# Data section:
- - - - - - -

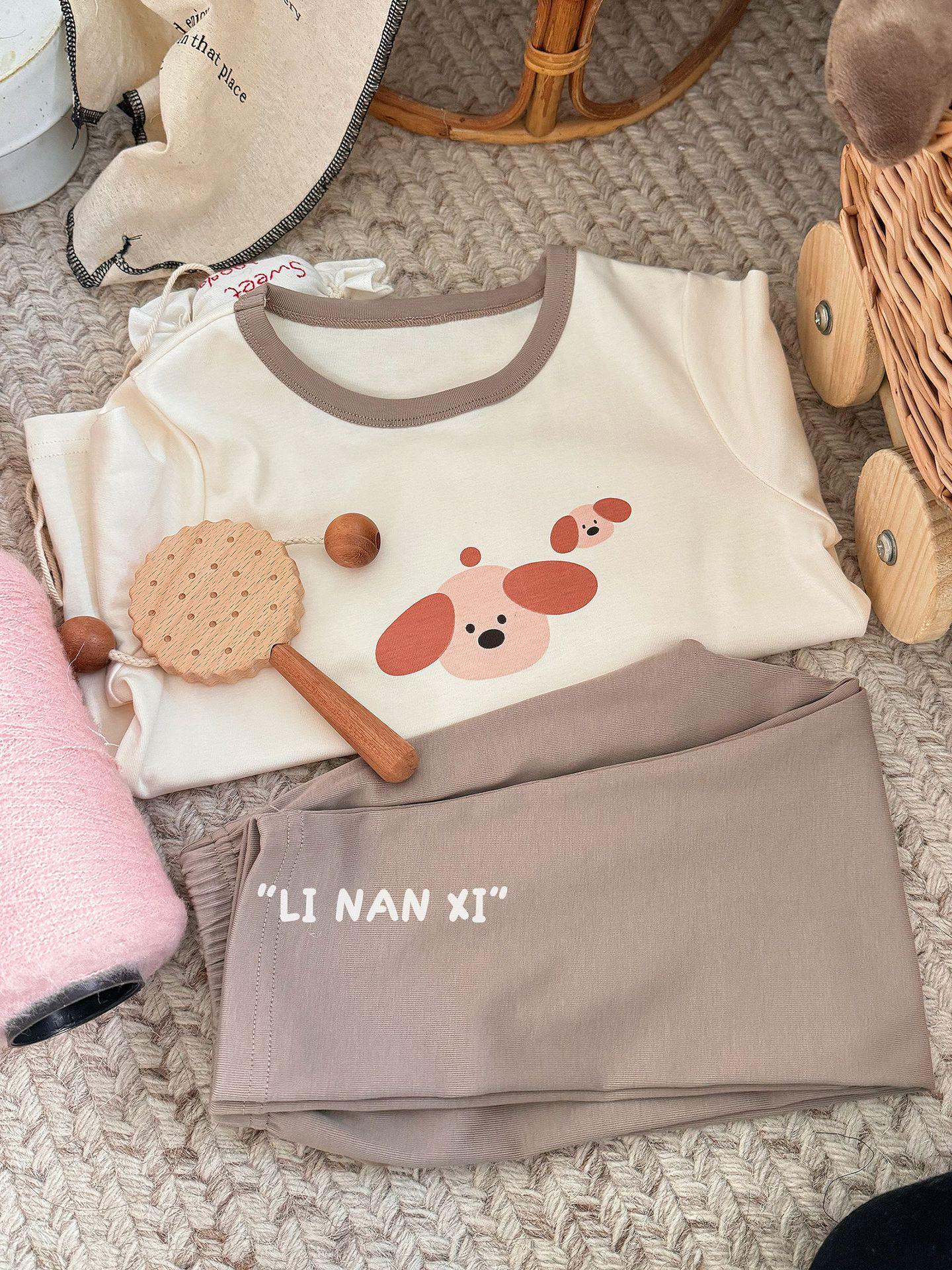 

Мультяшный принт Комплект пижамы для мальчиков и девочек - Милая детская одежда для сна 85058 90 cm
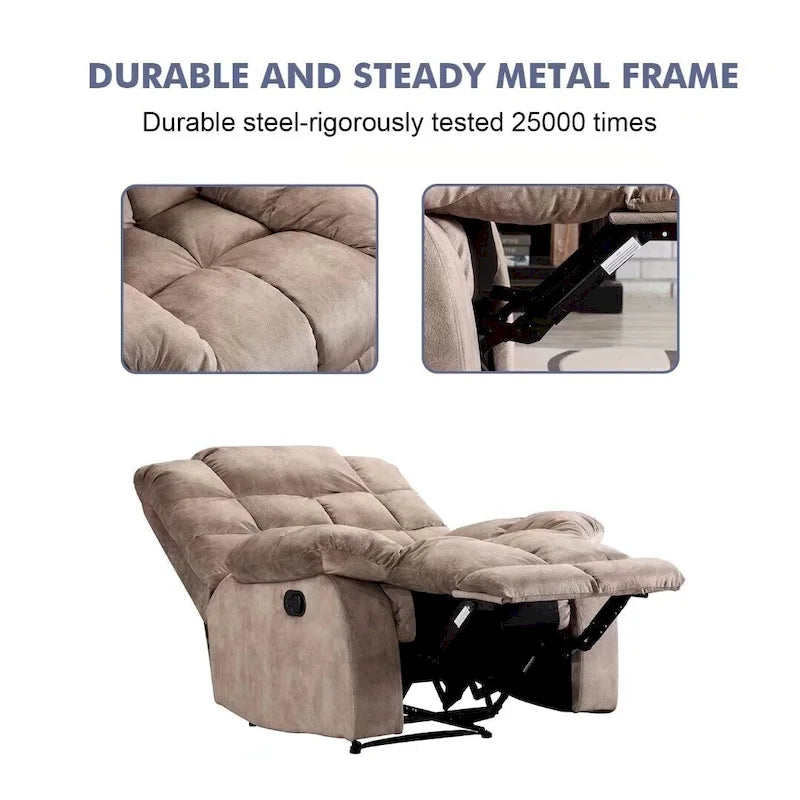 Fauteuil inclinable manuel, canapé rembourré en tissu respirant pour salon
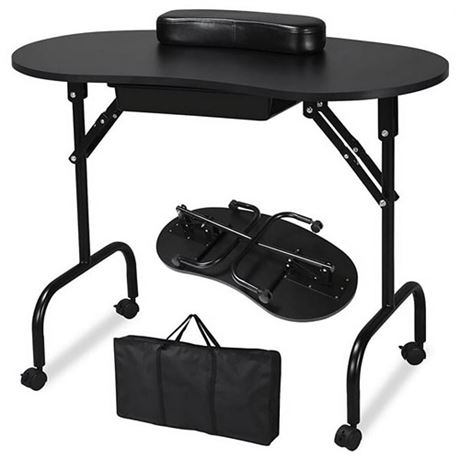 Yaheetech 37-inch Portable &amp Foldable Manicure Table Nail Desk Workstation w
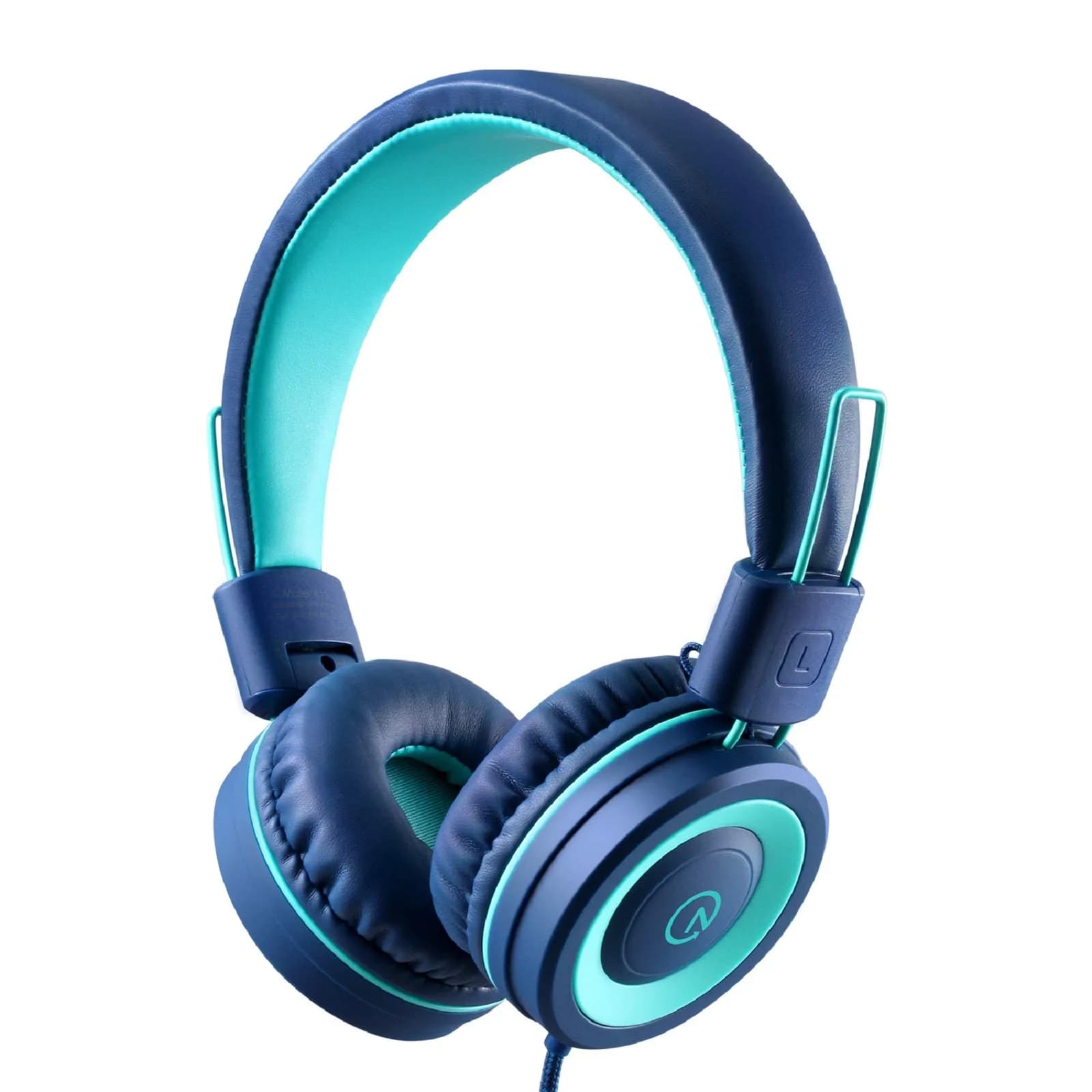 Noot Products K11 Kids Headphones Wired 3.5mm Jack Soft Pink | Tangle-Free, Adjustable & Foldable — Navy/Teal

- - - - - - -

# Assignment:
The lines from the beginning of the listing above through the line holding "Yaheetech 37-inch Portable" are to be duplicated exactly, and the pictures omitted.

# Exercise answer:
Мультяшный принт Комплект пижамы для мальчиков и девочек - Милая детская одежда для сна 85058 90 cm
 Fauteuil inclinable manuel, canapé rembourré en tissu respirant pour salon
 Yaheetech 37-inch Portable &amp Foldable Manicure Table Nail Desk Workstation w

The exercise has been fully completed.